Segment Start: Provided records

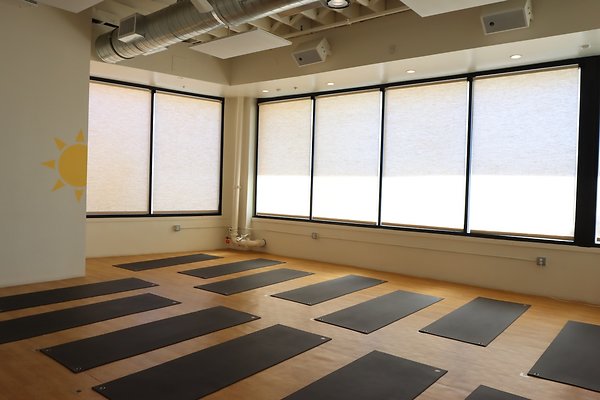 CampLAGym Pilates - 18 of 45
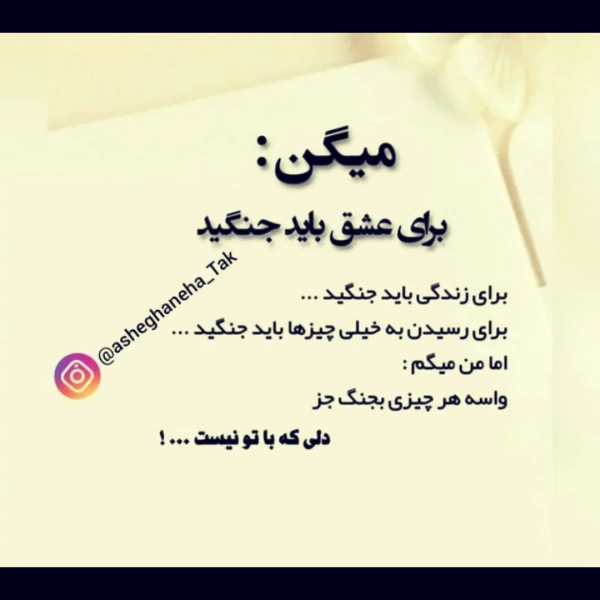 محمد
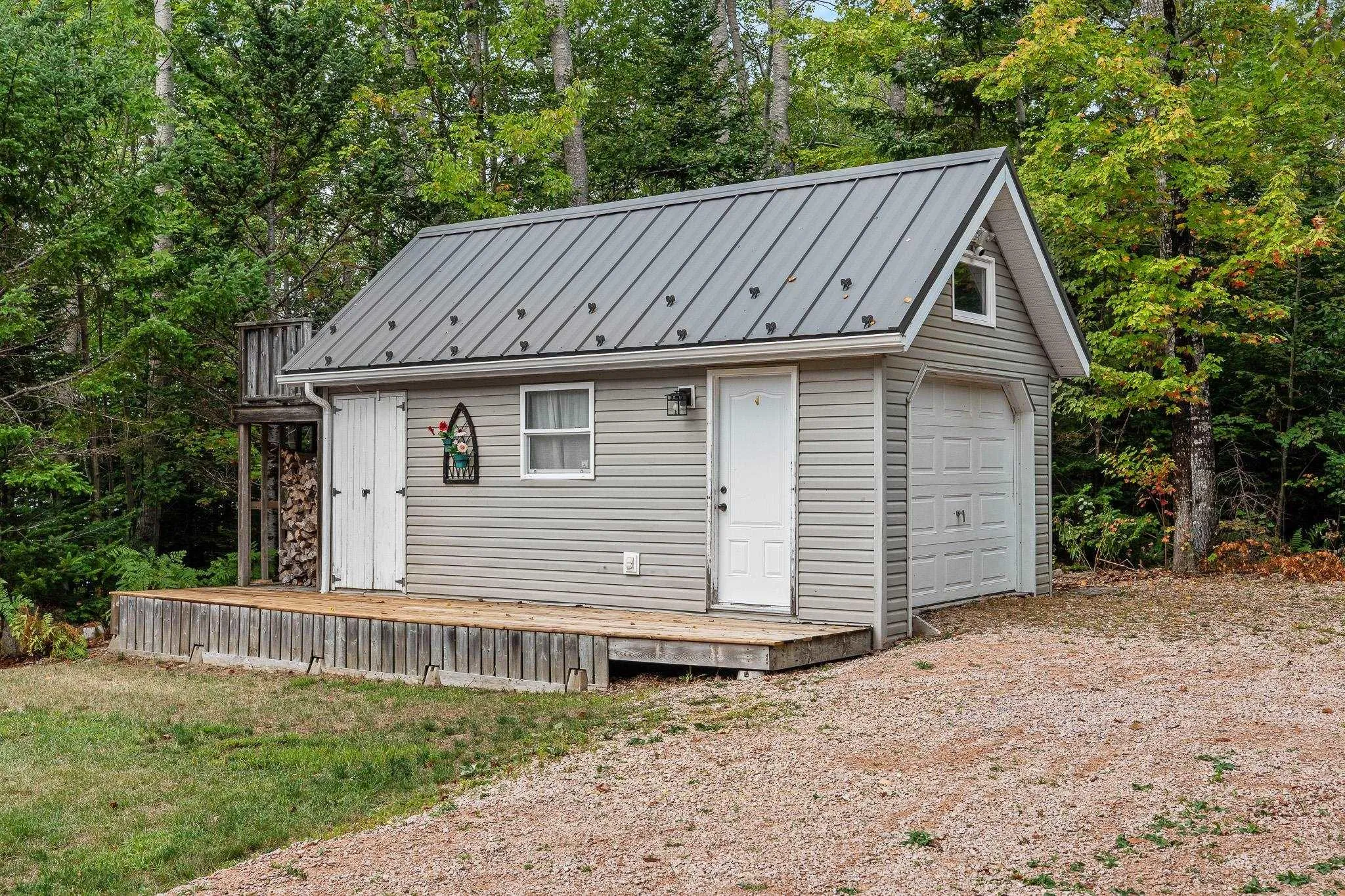 128 Davison Mill Road, Hastings, NS B0R 1H0, 3 Bedrooms Bedrooms, ,2 BathroomsBathrooms,Residential,For Sale,Davison Mill Road,202523023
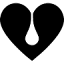 ***-topliste.eu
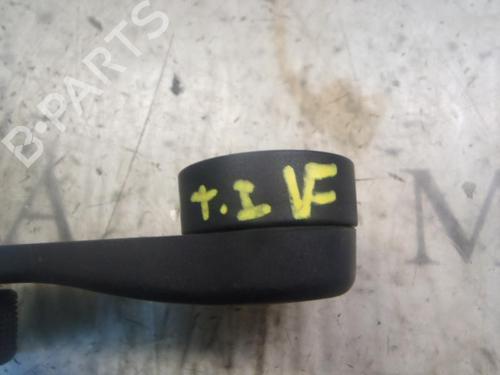 Andre SEAT CORDOBA (6L2) 1.9 TDI | BP14269679O1 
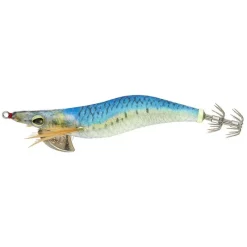 Sunset Turlutte Sunsquid Shin Ika Dcb 3.5 - 11Cm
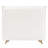 Pelham Boucle Upholstered Twin Daybed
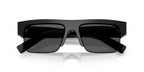Prada PR D12SU 16K20Z Sunglasses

Segment End: Provided records

Assignment:
From the line with "Andre SEAT CORDOBA" to the final line of the records, inclusive, set down the lines exactly and add nothing; leave every picture out.

Written solution:
 Andre SEAT CORDOBA (6L2) 1.9 TDI | BP14269679O1 
 Sunset Turlutte Sunsquid Shin Ika Dcb 3.5 - 11Cm
 Pelham Boucle Upholstered Twin Daybed
Prada PR D12SU 16K20Z Sunglasses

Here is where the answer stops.